While the debate within the health care profession concerning the routine use of radiography in most or all patients presenting to physicians' offices lingers on, much work has been done in the research arena regarding such a paradigm. For example, the Canadian C-Spine Rule and the National Emergency X-Radiograph Utilization Study (NEXUS) investigation demonstrated very high sensitivity and negative predictive value for significant injury when using specific criteria for patients with cervical spine trauma.1,2 These results were particularly impressive when compared to unguided clinician judgment. In the lumbar spine, the routine use of radiography also has been repeatedly demonstrated to have a poor diagnostic yield and does not have an impact on patients' clinical outcomes.3-5

Many authors have devised clinical guidelines for the use of spinal radiography including indications and contraindications for radiography.6 These appear to be significantly underutilized. Two new guidelines7,8 have been attacked by some in the profession as too restrictive. Since a preponderance of the evidence Bussieres and colleagues found shows a limited role of radiographs is best, the onus is on those who believe a more expansive role is appropriate to show their patient-centered clinical outcomes are better than outcomes not reliant on radiographs. Complaining that those who search the evidence are not seeing patients is similar to saying a reporter can't write about a murder without being murdered or murdering someone.

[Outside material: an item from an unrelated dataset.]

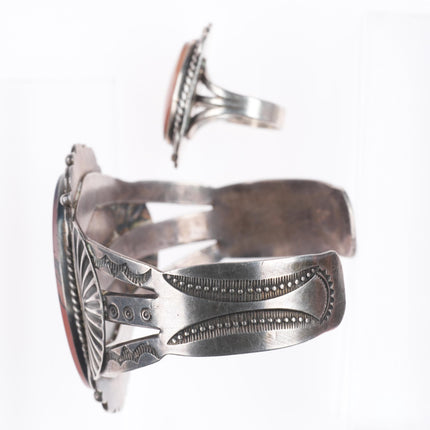 sz7 ring 7" c1940 Navajo sterling silver Montana moss agate cuff bracelet set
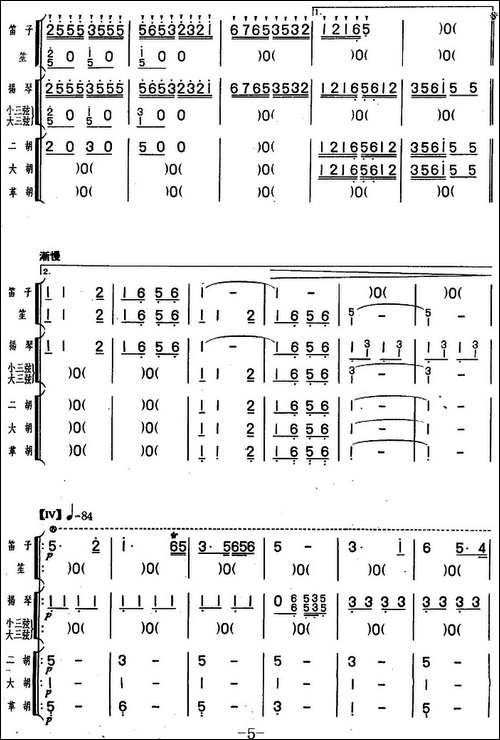 一枝春-笛子独奏+民乐队伴奏-笛箫简谱|笛箫谱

The routine use of radiography in a majority of patients is by no means a problem unique to the chiropractic profession. However, in this age of rising health care costs and evidence-based health care, we find it particularly important that the chiropractic profession take the lead in health care containment strategies. Reduction in the use of radiography is one important area in which we can have an impact.

While specialty chiropractic practices such as sports medicine might require more routine use of plain-film radiography, we can find no compelling reasons at present for the routine use of radiography in all or most of the patients who present to a chiropractic general practice. Some chiropractic regulatory agencies such as the General Chiropractic Council (the regulatory board for chiropractic in the U.K.) have suspended the licenses of chiropractors who have taken radiographs for inappropriate reasons. Dare we suggest this is a less appropriate road to take than to follow already-established guidelines? Thus, it appears when one does not follow already-established guidelines, the harm, a violation of our duty of nonmaleficence, exceeds the benefits.

References

  1. Bandiera G, Stiell IG, Wells GA, et al. The Canadian c-spine rule performs better than unstructured physician judgment. Ann Emerg Med, 2003;42:395-402.
  2. Hoffman JR, Mower WR, Wolfson AB, et al. Validity of a set of clinical criteria to rule out injury to the cervical spine in patients with blunt trauma. National Emergency X-Radiography Utilization Study Group. N Engl J Med, 2000;343(2):94-9.
  3. Jarvik JG, Deyo RA. Diagnostic evaluation of low back pain with emphasis on imaging. Ann Intern Med, Oct. 1, 2002;137(7):586-97.
  4. Frymoyer JW, Newberg A, Pope MH, et al. Spine radiographs in patients with low-back pain. An epidemiological study in men. J Bone Joint Surg Am, Sep 1984;66(7):1048-55.
  5. Kendrick D, Fielding K, Bentley E, et al. Radiography of the lumbar spine in primary care patients with low back pain: randomized controlled trial. BMJ, Feb. 17, 2001;322(7283):400-5.
  6. Wyatt L, Schultz G. The Diagnostic Efficacy of Lumbar Spine Radiography: A Review of the Literature. In: Current Topics in Chiropractic, Hodgsen M, Ed. Sunnyvale, Calif: Palmer College of Chiropractic West, 1987.
  7. Bussieres AE, Taylor JA, Peterson C. Diagnostic imaging practice guidelines for musculoskeletal complaints in adults - an evidence-based approach. Part 1. Lower extremity disorders. J Manipulative Physiol Ther, Nov-Dec 2007;30(9):684-717.
  8. Bussieres AE, Peterson C, Taylor JA. Diagnostic imaging practice guidelines for musculoskeletal complaints in adults: an evidence-based approach: introduction. J Manipulative Physiol Ther, Nov-Dec 2007;30(9):617-83.